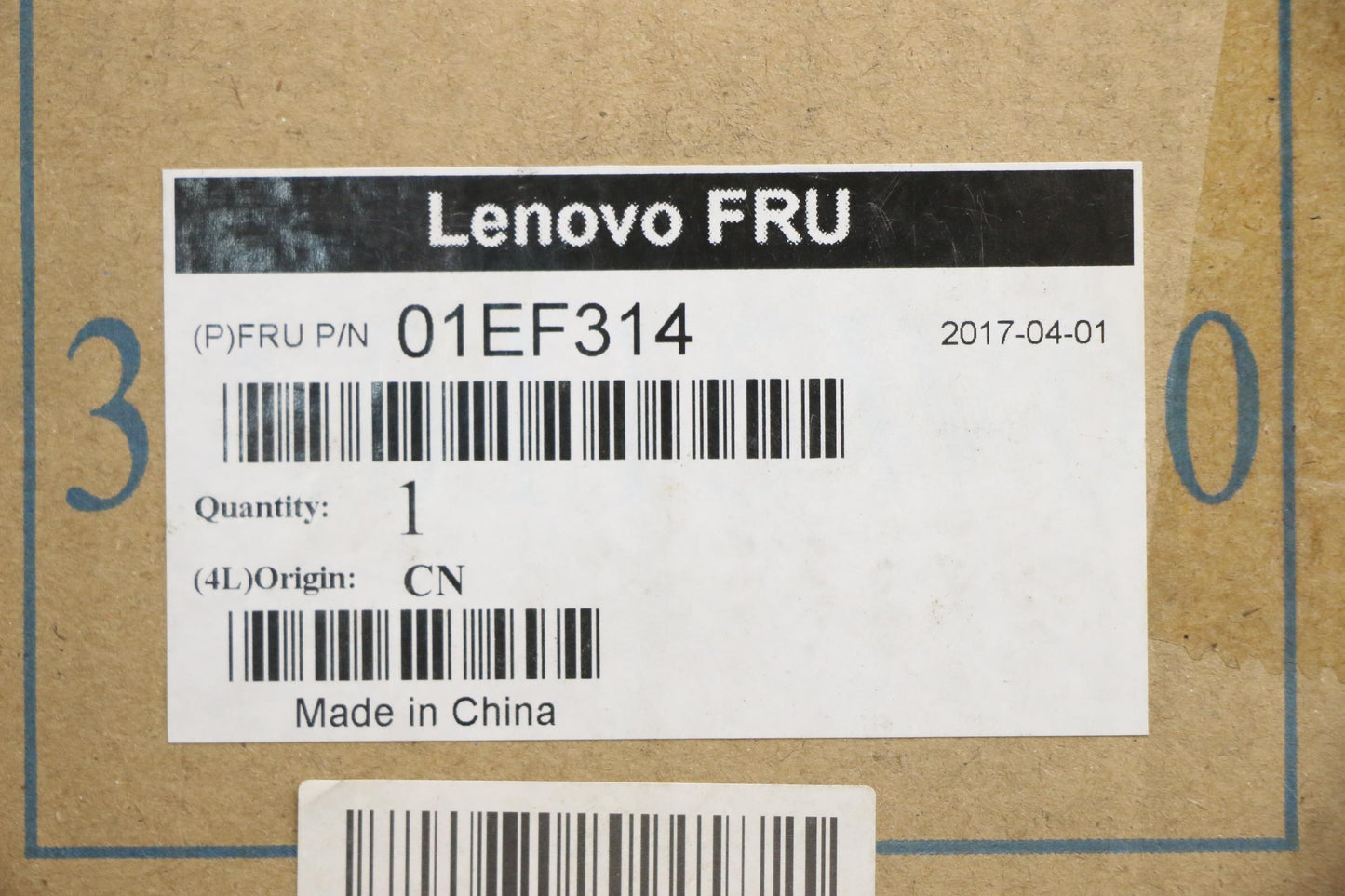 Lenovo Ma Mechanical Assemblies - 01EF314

...

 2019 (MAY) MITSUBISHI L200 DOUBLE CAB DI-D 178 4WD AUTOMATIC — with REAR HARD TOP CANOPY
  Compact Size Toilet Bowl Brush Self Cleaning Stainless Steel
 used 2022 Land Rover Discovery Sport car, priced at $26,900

What is needed :: Reproduce word for word the material above, beginning with the line that contains "Compact Size Toilet" and ending with the line that contains "used 2022 Land".

Answer space ::
  Compact Size Toilet Bowl Brush Self Cleaning Stainless Steel
 used 2022 Land Rover Discovery Sport car, priced at $26,900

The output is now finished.